YOUR TASK
Line by line, output everything from the one that contains "Business Flyers Ideas" through the end of the material below, exactly as written and with no pictures.

DATA UNDER STUDY

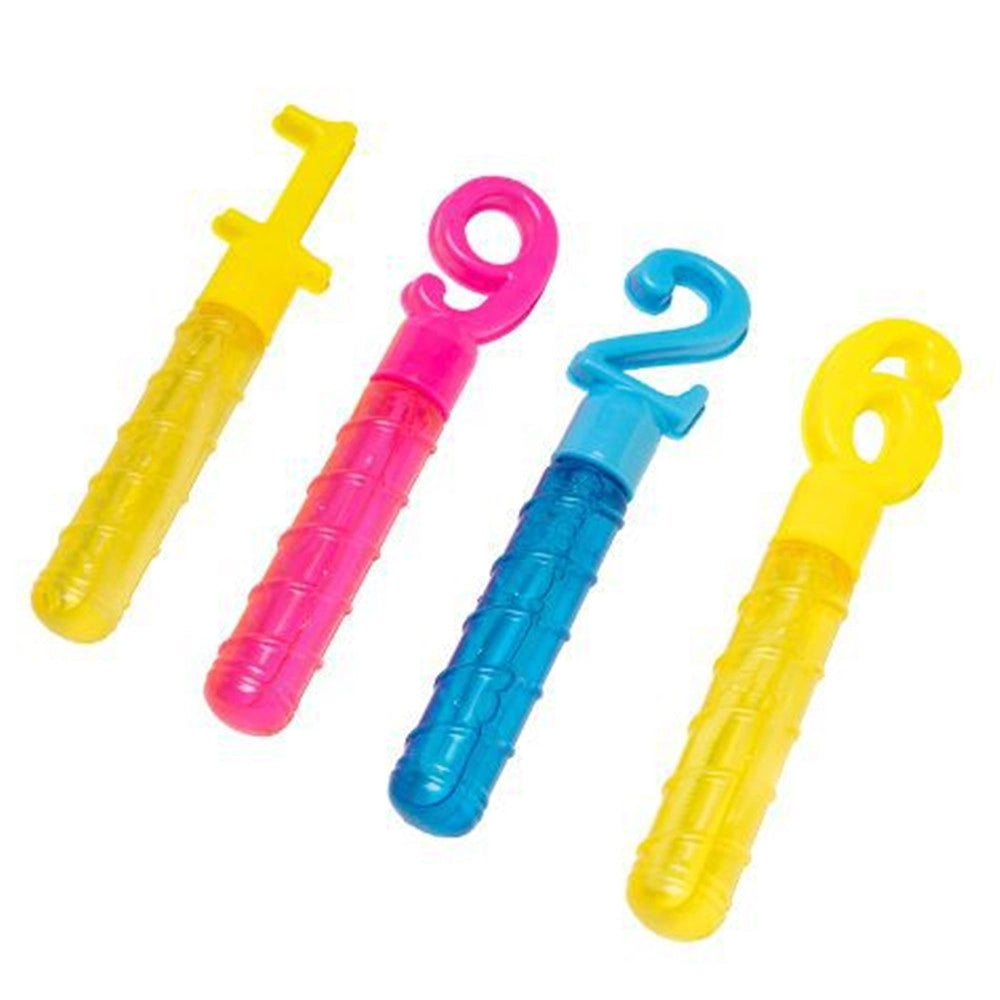 Trade Shop - Set 4pz Bacchette Per Bolle Di Sapone Con Testa A Numero 30ml Gioco Bambini 3+ 6560331 -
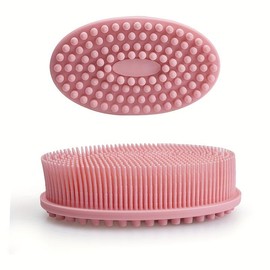 Silicone Body Scrubber, Exfoliating Body Scrubber For Use In Shower, Lathers Well, Long Lasting, Soft Body Scrubber For Shower And Bath Skincare Routine - Bathroom Accessories - Color: 2pcs Pink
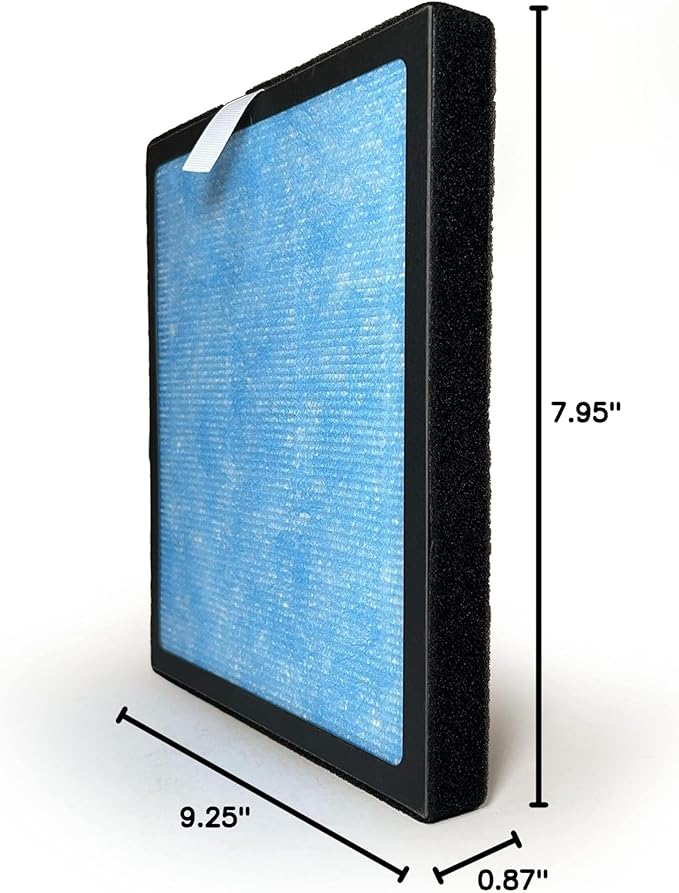 Nispira 3-in-1 HEPA with Carbon Original Blue Filter Replacement For YIOU R1 Air Purifier, 1 Pack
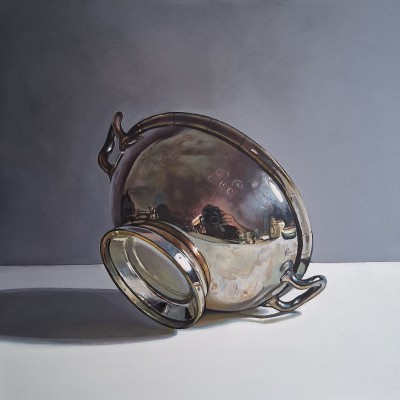 Scottish Artist JANE CRUICKSHANK - Silver Bowl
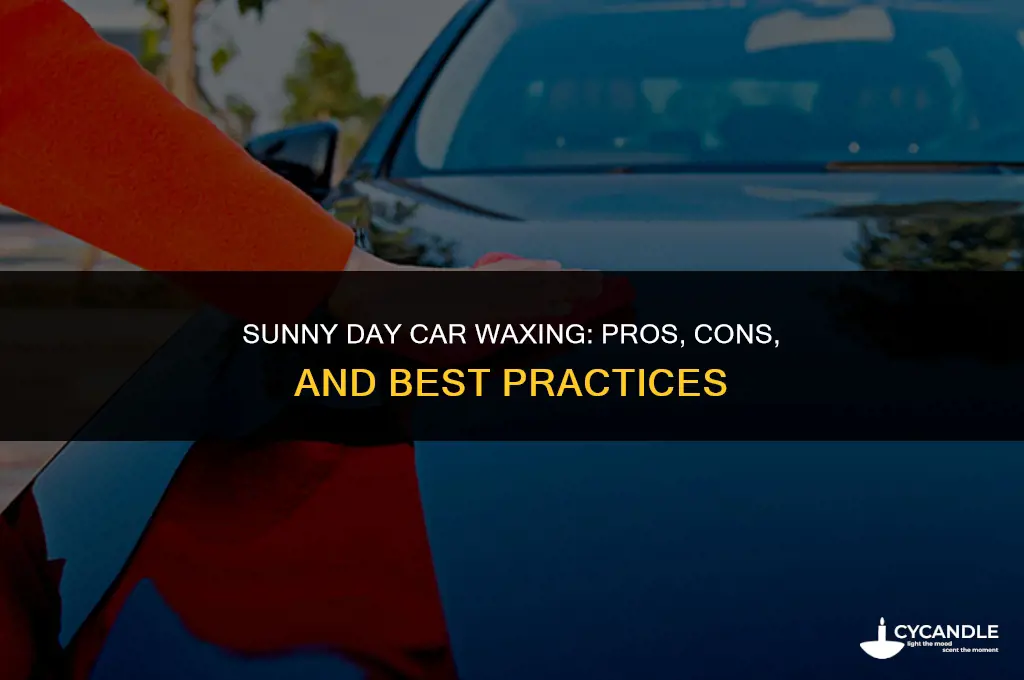 is it bad to wax a car in the sun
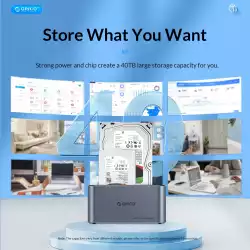 Orico докинг станция Storage - HDD/SSD Dock - 2 BAY Offline Clone 2.5/3.5 USB-C/USB-A - 6626C3-C-V1
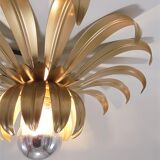 Wall lamp golden flower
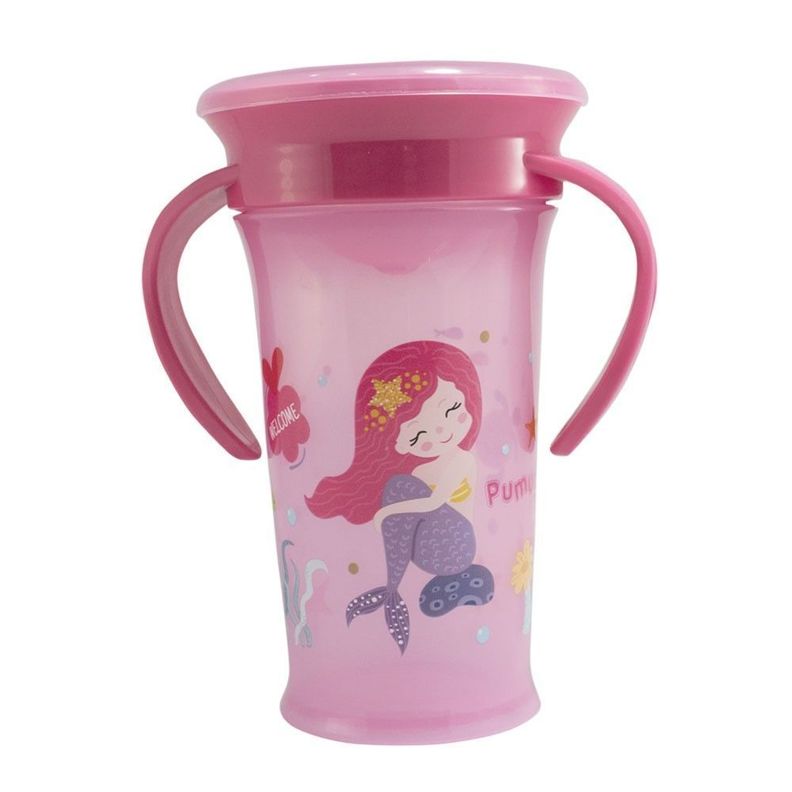 Vaso Mágico Antiderrame 360º Rosado Pumucki-0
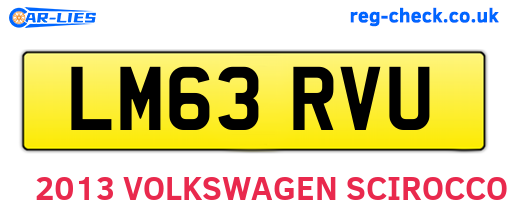 LM63RVU are the vehicle registration plates.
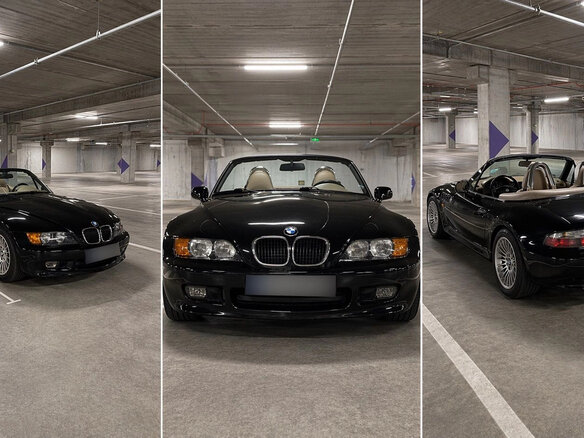 1996 BMW Z3 I, чёрный, 1100000 рублей - вид 6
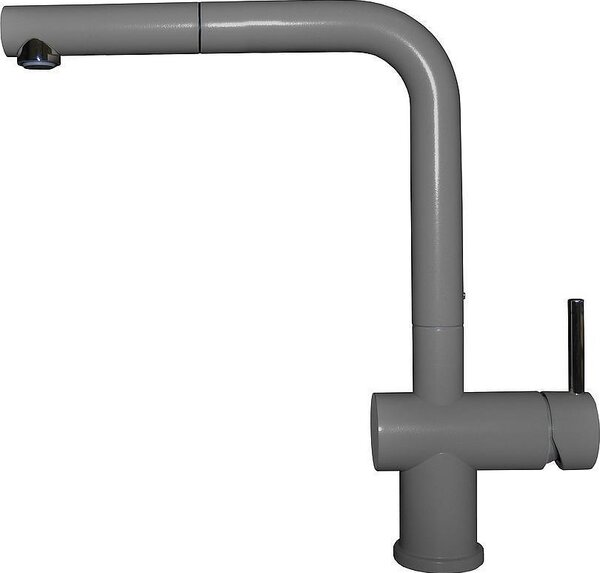 ELLECI Rubinetto Cucina Miscelatore con Doccetta Estraibile Monocomando colore Titanium M73 - MMKSTP73 Stream Plus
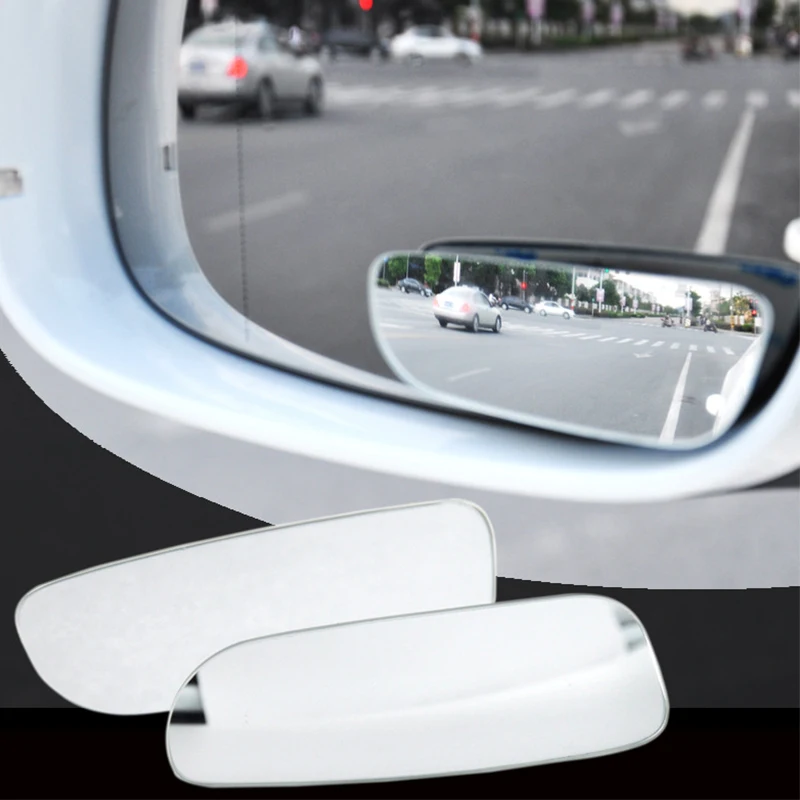 Sikeo, 360 градусов, широкоугольное Выпуклое автомобильное зеркало, зеркало для слепых зон, Парковочное Авто мотоциклетное зеркало заднего вида, регулируемое зеркало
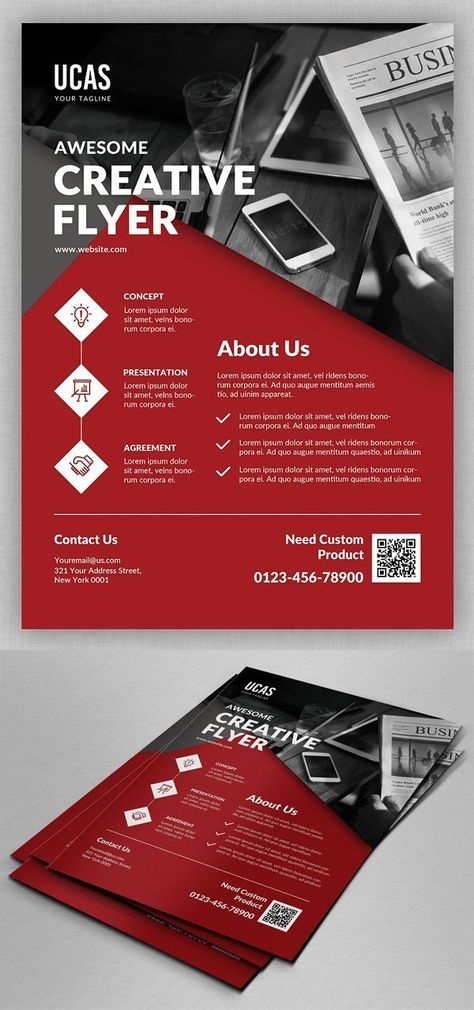 Business Flyers Ideas Creative, Brochure Flyer Design, Graphic Template Design, Business Pamphlet Design, Leaflet Design Inspiration, Business Flyer Design Creative, Pamphlet Design Creative, Flayer Designs Ideas, Pamphlets Design Ideas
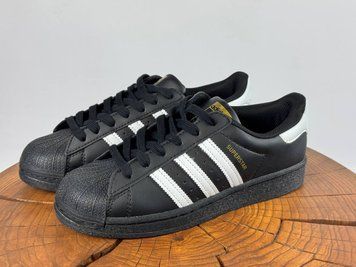 Кросівки Adidas SUPERSTAR Black (кільце) 0302 0302 фото
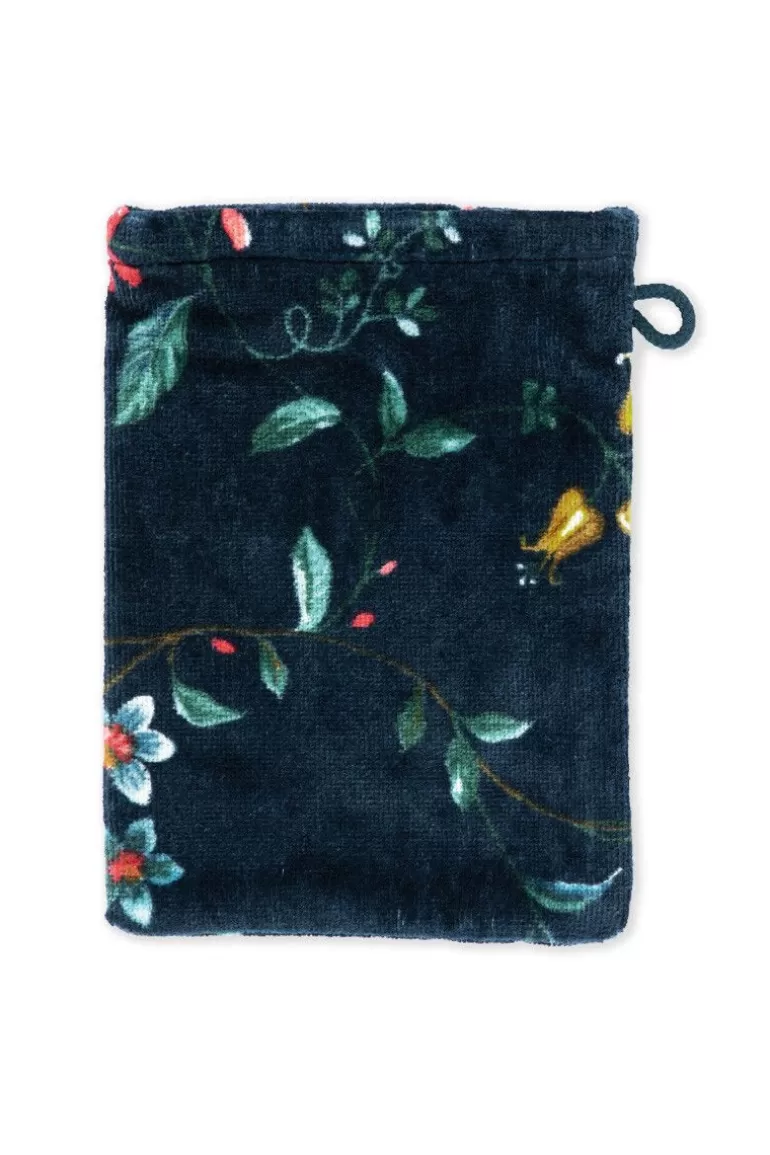 Waschlappen<Pip Studio Waschlappen Set/3 Les Fleurs Dunkel 16X22 Cm Blau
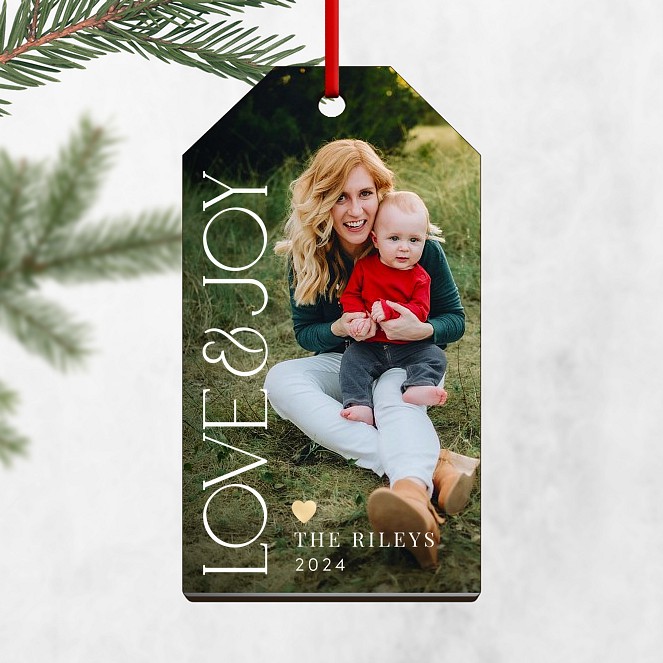 Modern Love Personalized Ornaments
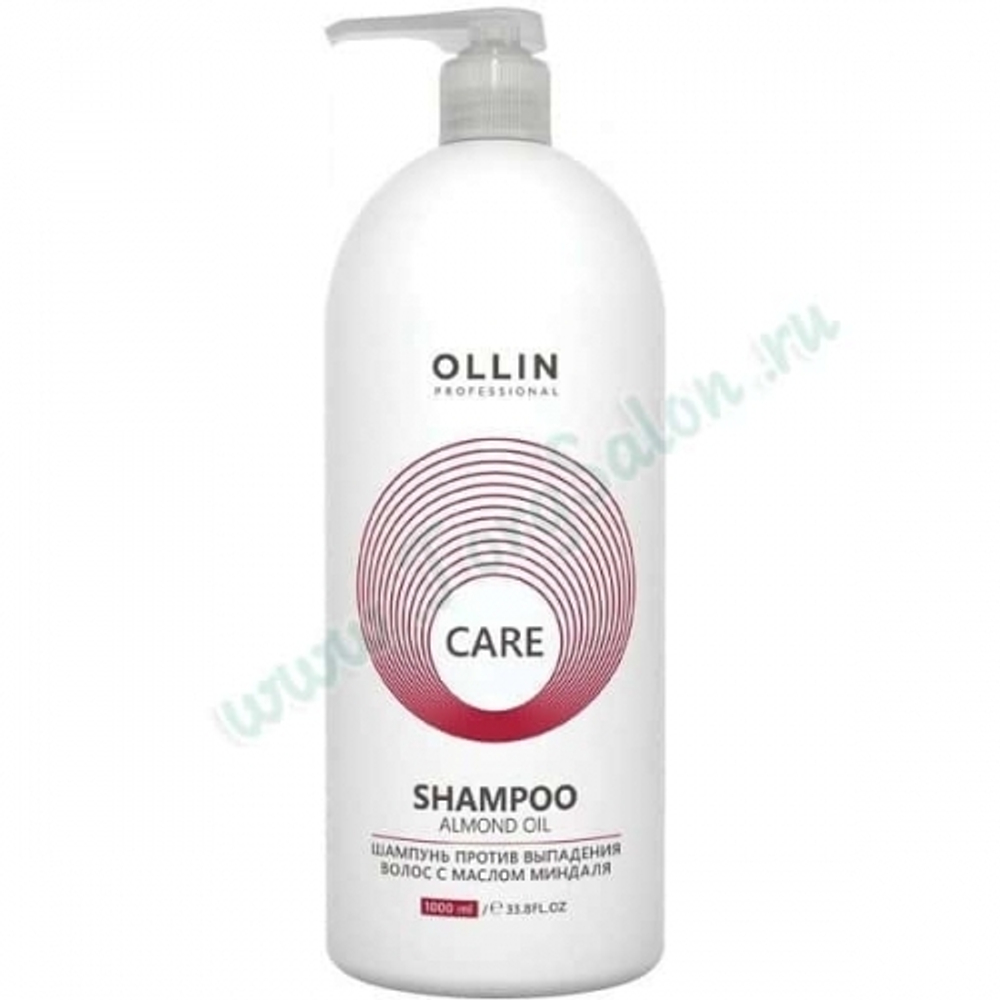 Шампунь против выпадения волос с маслом миндаля, «Almond Oil Shampoo», Care, Ollin, 1000 мл.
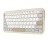 Asus Klawiatura Marshmallow KW100 BT5.0LE/Oat Milk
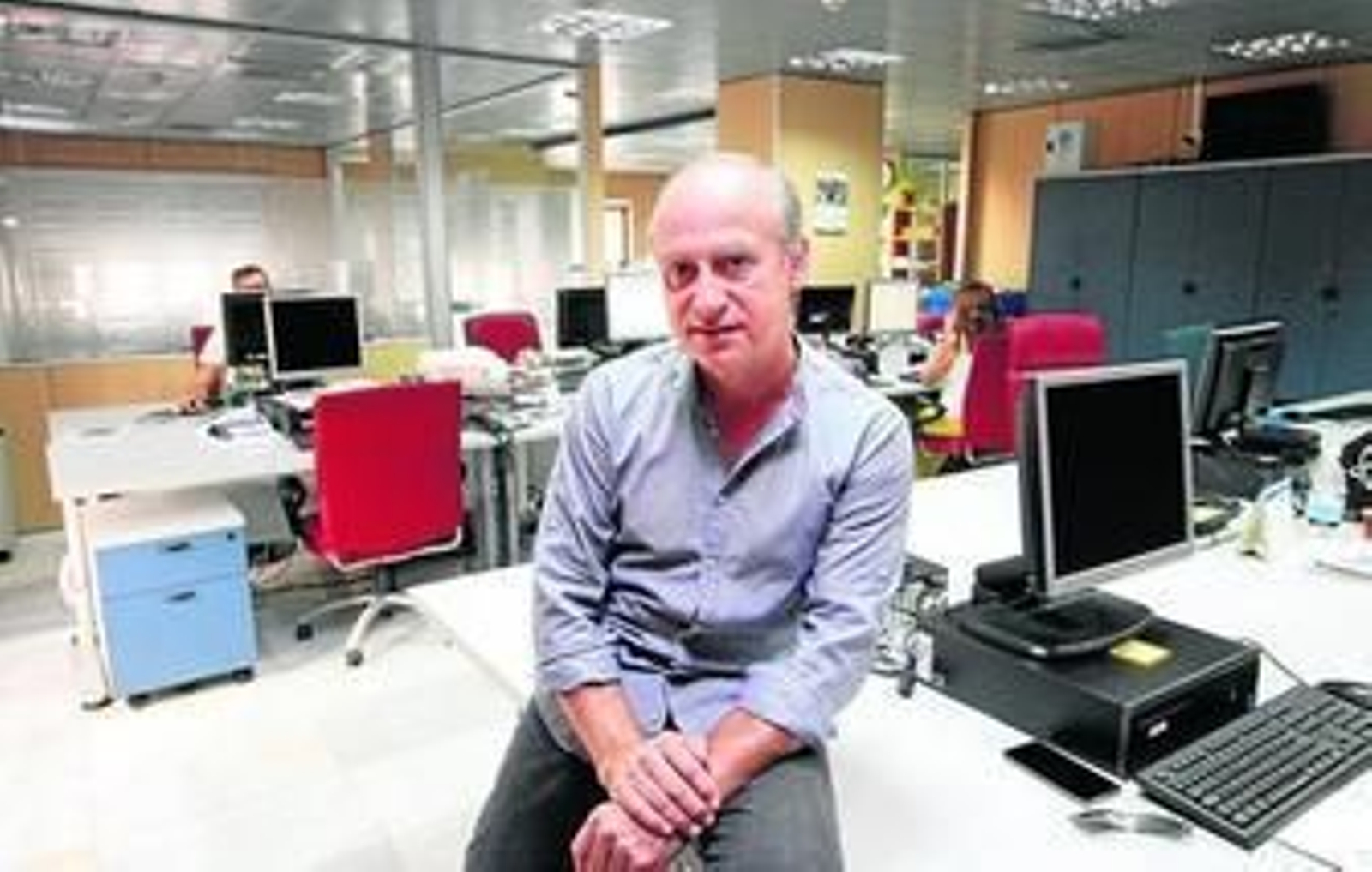 Paco Guerrero, en la redacción de 'Huelva Información'.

ANSWER
 Business Flyers Ideas Creative, Brochure Flyer Design, Graphic Template Design, Business Pamphlet Design, Leaflet Design Inspiration, Business Flyer Design Creative, Pamphlet Design Creative, Flayer Designs Ideas, Pamphlets Design Ideas
 Кросівки Adidas SUPERSTAR Black (кільце) 0302 0302 фото
 Waschlappen<Pip Studio Waschlappen Set/3 Les Fleurs Dunkel 16X22 Cm Blau
 Modern Love Personalized Ornaments
 Шампунь против выпадения волос с маслом миндаля, «Almond Oil Shampoo», Care, Ollin, 1000 мл.
 Asus Klawiatura Marshmallow KW100 BT5.0LE/Oat Milk
 Paco Guerrero, en la redacción de 'Huelva Información'.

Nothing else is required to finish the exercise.